▸ **AVAILABLE DATA**
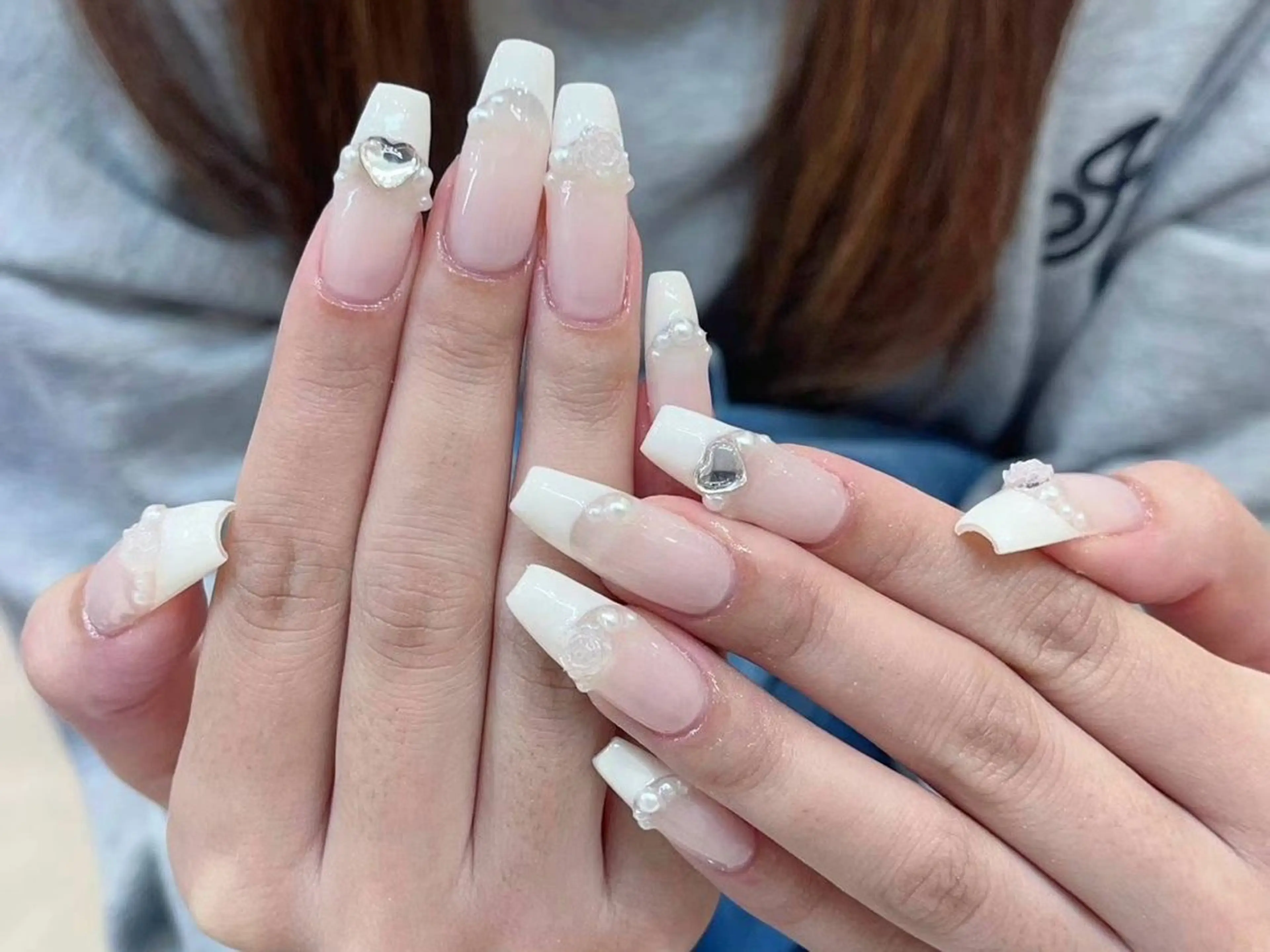 ネイル アートネイル フラワーネイル フットネイル フレンチネイル ジェルネイル Babarla nailのネイルデザイン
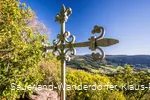 Weißes Metallkreuz auf dem Rinsleyfelsen in Richtung Tal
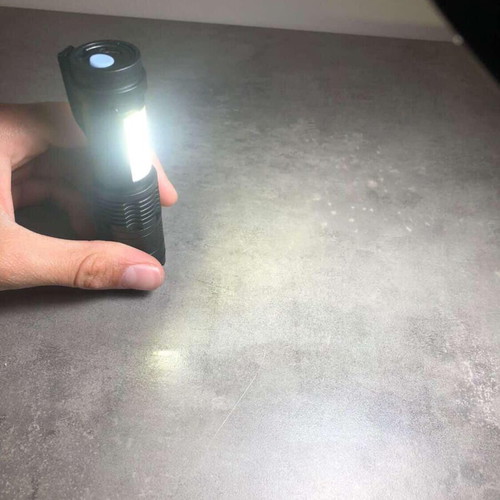 Pocket flashlight rechargeable with 4 modes excellent condition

▸ **REQUIRED WORK**
One exact copy of the data, no pictures: write it out line for line.

▸ **ANSWER BOX**
 ネイル アートネイル フラワーネイル フットネイル フレンチネイル ジェルネイル Babarla nailのネイルデザイン
 Weißes Metallkreuz auf dem Rinsleyfelsen in Richtung Tal
 Pocket flashlight rechargeable with 4 modes excellent condition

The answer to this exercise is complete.